> _Requirement_
Use the entries below and reproduce exactly the lines from the one containing "Image No.24-4 Bed Townhouse for sale" down to the one containing "Used 2007 Chevrolet", both of them included.

> _Exercise data_
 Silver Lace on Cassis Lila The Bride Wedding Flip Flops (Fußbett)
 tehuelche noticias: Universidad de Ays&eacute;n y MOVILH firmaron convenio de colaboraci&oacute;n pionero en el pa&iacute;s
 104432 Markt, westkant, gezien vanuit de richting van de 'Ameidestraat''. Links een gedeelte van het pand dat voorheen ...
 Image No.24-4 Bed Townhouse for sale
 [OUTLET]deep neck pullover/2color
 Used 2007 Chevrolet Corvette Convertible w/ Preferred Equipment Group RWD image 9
...
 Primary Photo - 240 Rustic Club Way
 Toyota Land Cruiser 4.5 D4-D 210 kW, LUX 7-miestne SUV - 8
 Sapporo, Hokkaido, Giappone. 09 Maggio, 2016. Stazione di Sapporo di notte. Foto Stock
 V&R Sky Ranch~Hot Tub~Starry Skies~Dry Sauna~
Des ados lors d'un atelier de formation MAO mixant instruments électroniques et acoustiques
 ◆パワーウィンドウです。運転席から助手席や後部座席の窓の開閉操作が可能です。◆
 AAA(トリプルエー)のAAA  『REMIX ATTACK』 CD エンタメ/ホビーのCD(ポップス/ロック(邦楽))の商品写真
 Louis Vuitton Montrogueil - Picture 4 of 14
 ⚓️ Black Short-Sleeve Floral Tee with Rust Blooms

> _Response to this exercise_
 Image No.24-4 Bed Townhouse for sale
 [OUTLET]deep neck pullover/2color
 Used 2007 Chevrolet Corvette Convertible w/ Preferred Equipment Group RWD image 9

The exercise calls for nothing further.